== WHAT THIS TASK INVOLVES ==
Your response to the data below should hold nothing except the lines from the one containing "Portrait of a" down to the one containing "Bremen's head coach", reproduced exactly and without pictures.

== RECORD EXTRACTS ==
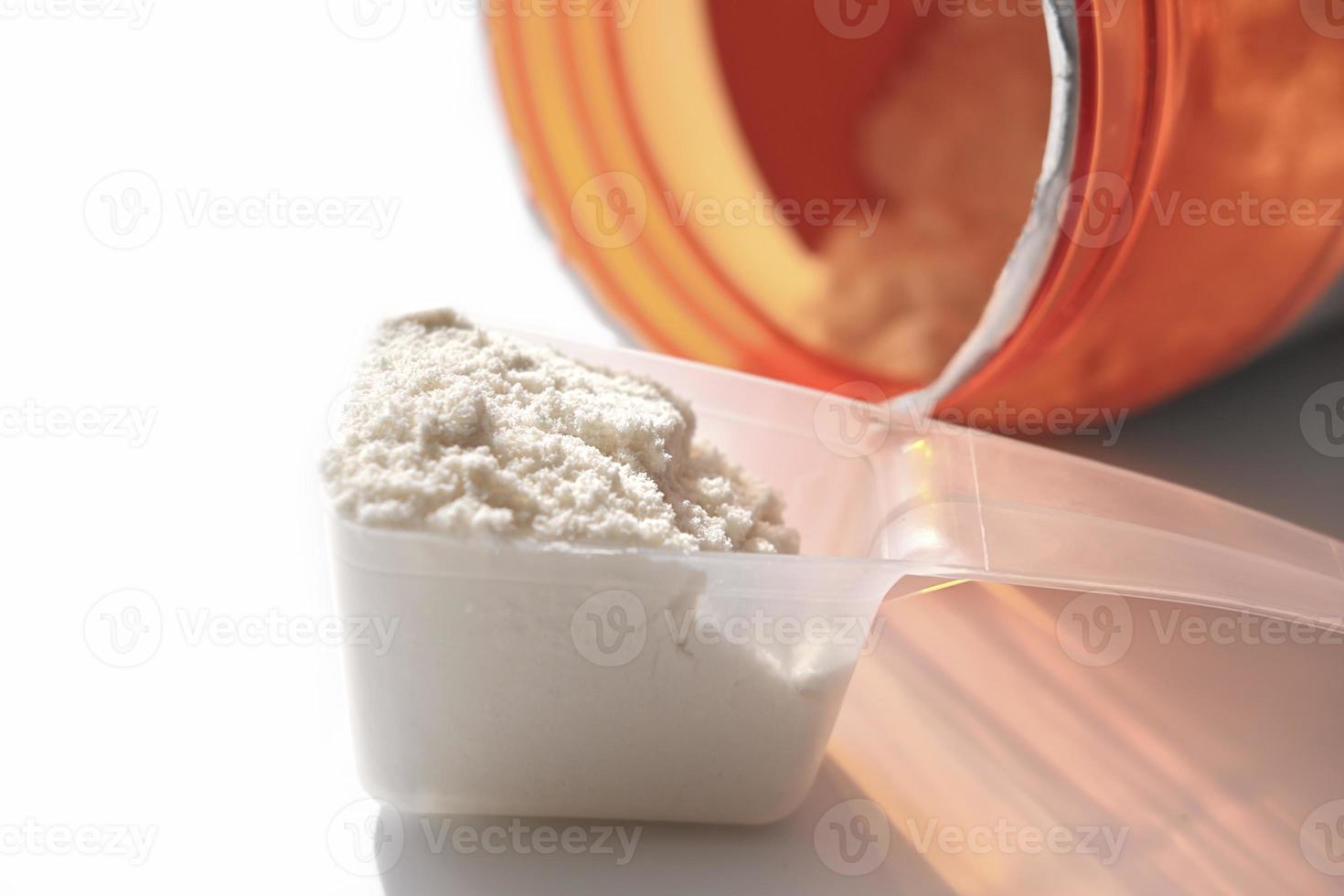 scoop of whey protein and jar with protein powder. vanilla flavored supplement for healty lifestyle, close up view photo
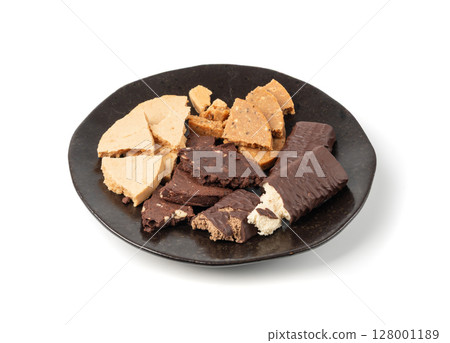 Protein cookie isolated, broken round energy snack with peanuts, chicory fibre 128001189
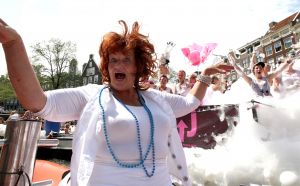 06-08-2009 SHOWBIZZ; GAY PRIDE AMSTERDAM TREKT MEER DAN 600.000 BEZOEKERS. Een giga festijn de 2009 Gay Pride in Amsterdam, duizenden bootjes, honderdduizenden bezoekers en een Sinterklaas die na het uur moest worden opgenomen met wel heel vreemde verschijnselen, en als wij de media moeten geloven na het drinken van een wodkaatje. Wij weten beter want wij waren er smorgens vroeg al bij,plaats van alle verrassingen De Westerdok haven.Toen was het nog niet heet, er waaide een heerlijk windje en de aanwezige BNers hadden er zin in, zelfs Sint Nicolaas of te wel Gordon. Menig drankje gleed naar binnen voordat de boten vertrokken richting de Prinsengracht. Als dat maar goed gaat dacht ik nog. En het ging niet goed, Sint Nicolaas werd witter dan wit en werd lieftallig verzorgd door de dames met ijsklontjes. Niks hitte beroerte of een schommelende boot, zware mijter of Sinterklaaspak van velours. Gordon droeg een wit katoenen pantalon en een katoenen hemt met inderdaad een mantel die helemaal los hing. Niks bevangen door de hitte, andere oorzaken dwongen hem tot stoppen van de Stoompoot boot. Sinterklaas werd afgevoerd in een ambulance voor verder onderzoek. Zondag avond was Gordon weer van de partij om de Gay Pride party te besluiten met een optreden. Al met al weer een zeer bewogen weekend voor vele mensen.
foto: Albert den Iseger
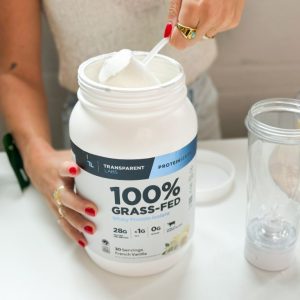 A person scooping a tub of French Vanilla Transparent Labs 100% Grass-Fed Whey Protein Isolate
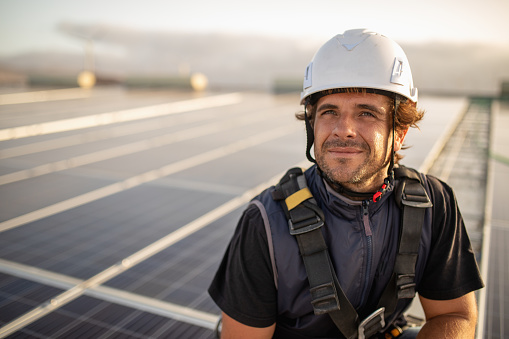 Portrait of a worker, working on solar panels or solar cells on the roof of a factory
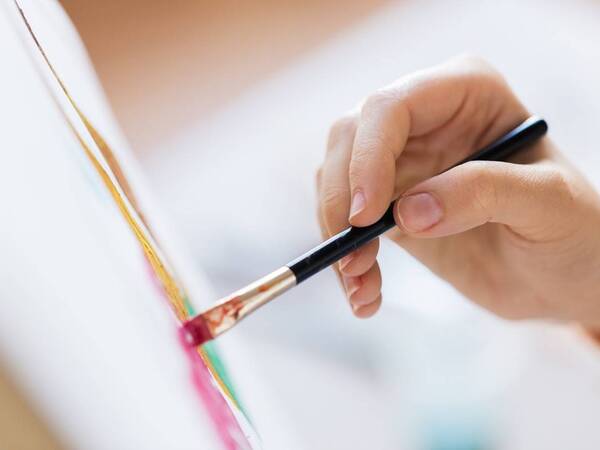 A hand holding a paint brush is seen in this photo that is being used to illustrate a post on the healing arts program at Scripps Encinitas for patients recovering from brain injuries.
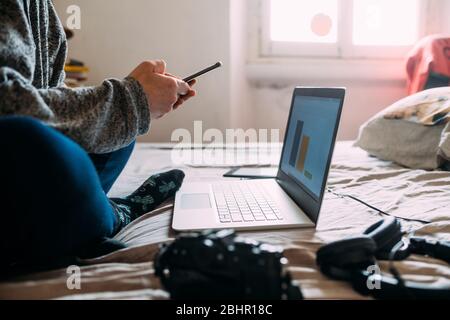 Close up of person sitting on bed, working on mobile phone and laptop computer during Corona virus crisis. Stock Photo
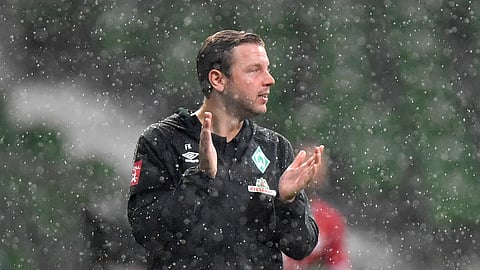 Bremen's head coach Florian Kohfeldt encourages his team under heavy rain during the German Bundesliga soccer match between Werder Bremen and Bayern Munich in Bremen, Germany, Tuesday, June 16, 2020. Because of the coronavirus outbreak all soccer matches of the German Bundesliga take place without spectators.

...

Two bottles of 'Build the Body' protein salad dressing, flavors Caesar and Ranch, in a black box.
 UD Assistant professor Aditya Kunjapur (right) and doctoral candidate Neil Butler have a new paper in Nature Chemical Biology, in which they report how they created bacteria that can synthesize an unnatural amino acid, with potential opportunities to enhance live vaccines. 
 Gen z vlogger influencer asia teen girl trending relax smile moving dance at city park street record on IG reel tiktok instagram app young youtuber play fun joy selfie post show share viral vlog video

==

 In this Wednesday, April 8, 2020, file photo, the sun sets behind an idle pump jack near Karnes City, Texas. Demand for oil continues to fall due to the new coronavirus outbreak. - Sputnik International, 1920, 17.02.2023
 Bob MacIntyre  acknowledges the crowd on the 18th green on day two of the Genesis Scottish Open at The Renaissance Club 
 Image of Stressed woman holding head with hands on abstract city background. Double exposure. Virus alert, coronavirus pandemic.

== REPLY ==
 Portrait of a worker, working on solar panels or solar cells on the roof of a factory
 A hand holding a paint brush is seen in this photo that is being used to illustrate a post on the healing arts program at Scripps Encinitas for patients recovering from brain injuries.
 Close up of person sitting on bed, working on mobile phone and laptop computer during Corona virus crisis. Stock Photo
 Bremen's head coach Florian Kohfeldt encourages his team under heavy rain during the German Bundesliga soccer match between Werder Bremen and Bayern Munich in Bremen, Germany, Tuesday, June 16, 2020. Because of the coronavirus outbreak all soccer matches of the German Bundesliga take place without spectators.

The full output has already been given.